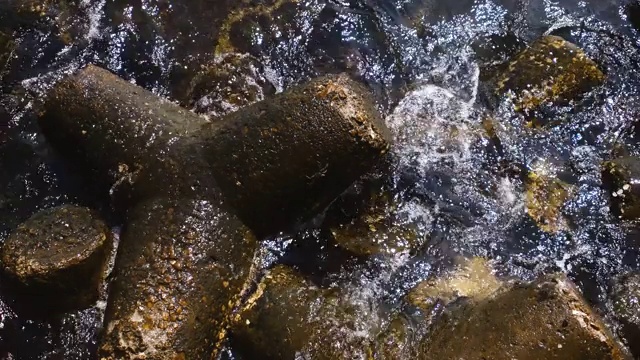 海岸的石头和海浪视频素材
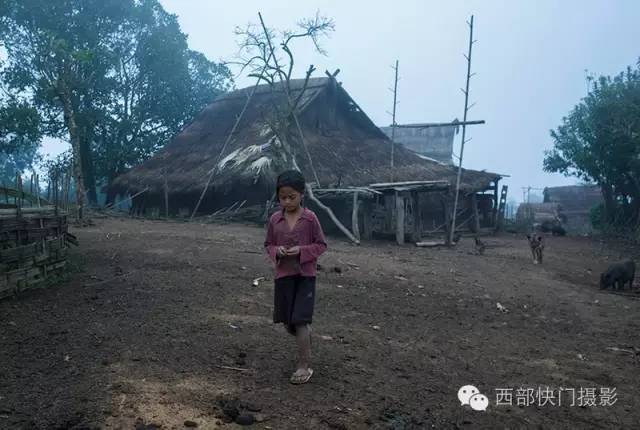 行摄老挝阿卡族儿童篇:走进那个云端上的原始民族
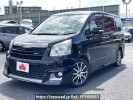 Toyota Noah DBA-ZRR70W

Goal of the exercise —
Every line above should be repeated exactly; pictures stay out of the copy.

Expected answer —
 海岸的石头和海浪视频素材
 行摄老挝阿卡族儿童篇:走进那个云端上的原始民族
 Toyota Noah DBA-ZRR70W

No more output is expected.